- **Data for this exercise**:
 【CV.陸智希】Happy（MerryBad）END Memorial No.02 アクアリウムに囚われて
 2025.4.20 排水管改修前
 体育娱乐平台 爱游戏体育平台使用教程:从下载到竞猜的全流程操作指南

---

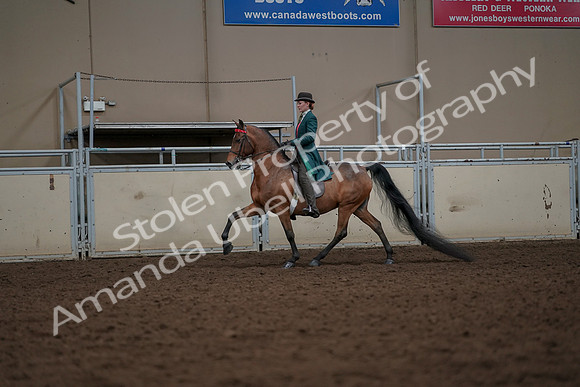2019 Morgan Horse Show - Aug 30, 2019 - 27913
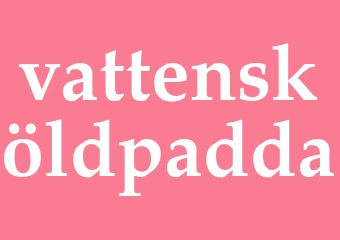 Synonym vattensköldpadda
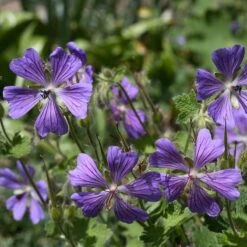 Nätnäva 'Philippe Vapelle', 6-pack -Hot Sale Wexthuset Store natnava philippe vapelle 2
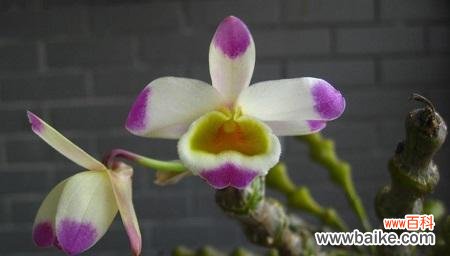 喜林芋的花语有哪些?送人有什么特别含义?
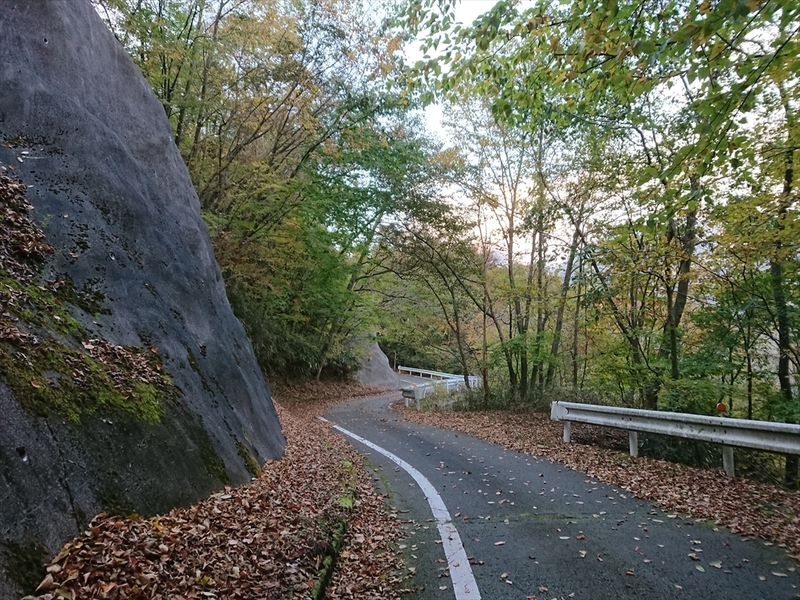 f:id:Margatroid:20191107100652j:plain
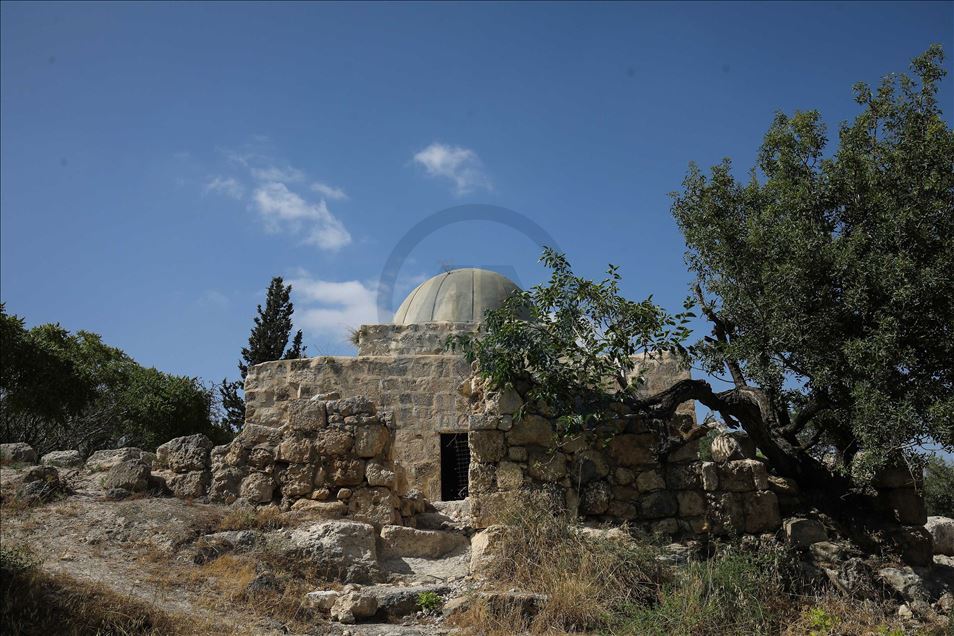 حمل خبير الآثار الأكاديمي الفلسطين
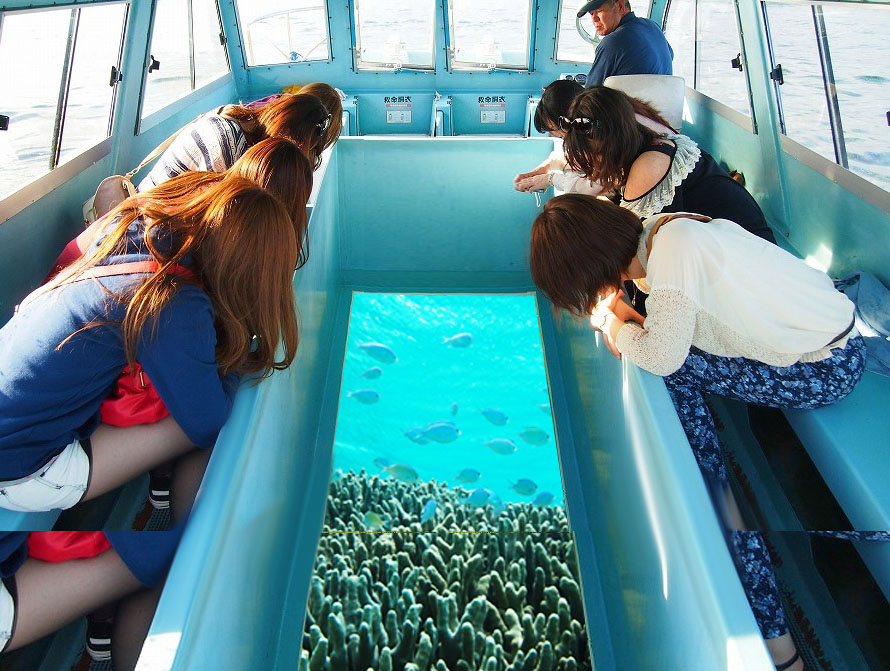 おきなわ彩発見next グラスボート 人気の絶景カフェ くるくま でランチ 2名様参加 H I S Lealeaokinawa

- **Exercise prompt**:
Copy, exactly and only, the lines above that begin with the one containing "Memorial No.02 アクアリウムに囚われて" and finish with the one containing "体育娱乐平台 爱游戏体育平台使用教程:从下载到竞猜的全流程操作指南".

- **Exercise result**:
 【CV.陸智希】Happy（MerryBad）END Memorial No.02 アクアリウムに囚われて
 2025.4.20 排水管改修前
 体育娱乐平台 爱游戏体育平台使用教程:从下载到竞猜的全流程操作指南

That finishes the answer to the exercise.